*** Begin section ***

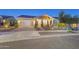 Single story home with modern facade, landscaping, and solar panels at 4825 N 205Th Gln, Buckeye, AZ 85396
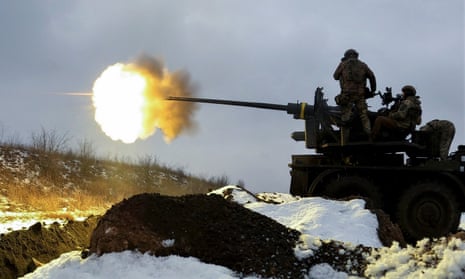 Ukrainian soldiers fire an anti-aircraft gun at a position near Bakhmut.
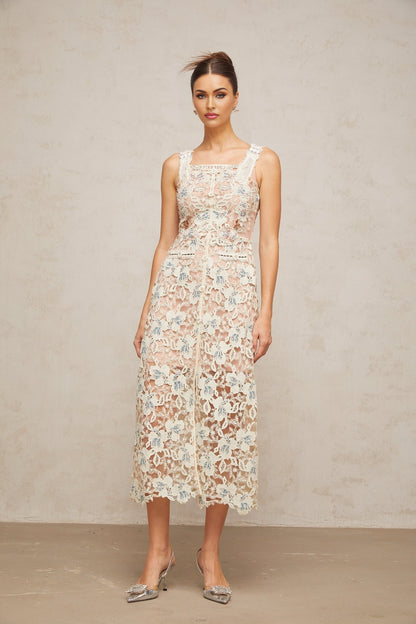 A woman wearing a white Aline midi dress with floral lace detailing standing in a neutral background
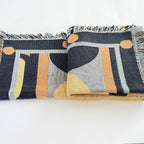 Patterned throw blanket with geometric designs on a white background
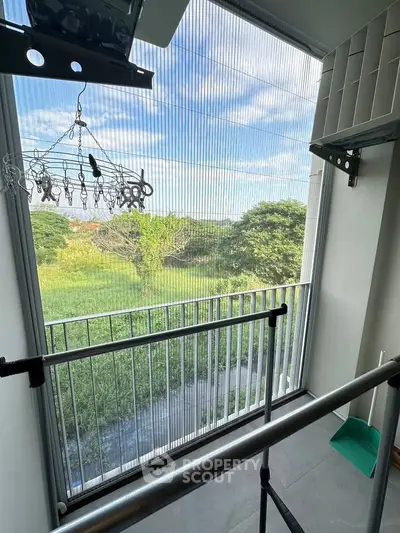 Charming balcony with lush green view and ample natural light, perfect for relaxation.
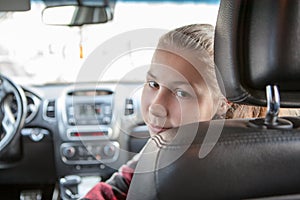 Teenage girl looking back from passenger front seat of car, Caucasian child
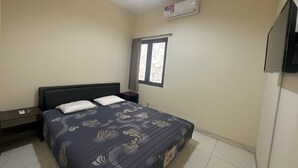 Un dormitorio con cama, mesita de noche, ventana y aire acondicionado.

*** End section ***

— Task objective —
Quote the data above in full and without alteration; skip the pictures.

— Solution below —
 Single story home with modern facade, landscaping, and solar panels at 4825 N 205Th Gln, Buckeye, AZ 85396
 Ukrainian soldiers fire an anti-aircraft gun at a position near Bakhmut.
 A woman wearing a white Aline midi dress with floral lace detailing standing in a neutral background
 Patterned throw blanket with geometric designs on a white background
 Charming balcony with lush green view and ample natural light, perfect for relaxation.
 Teenage girl looking back from passenger front seat of car, Caucasian child
 Un dormitorio con cama, mesita de noche, ventana y aire acondicionado.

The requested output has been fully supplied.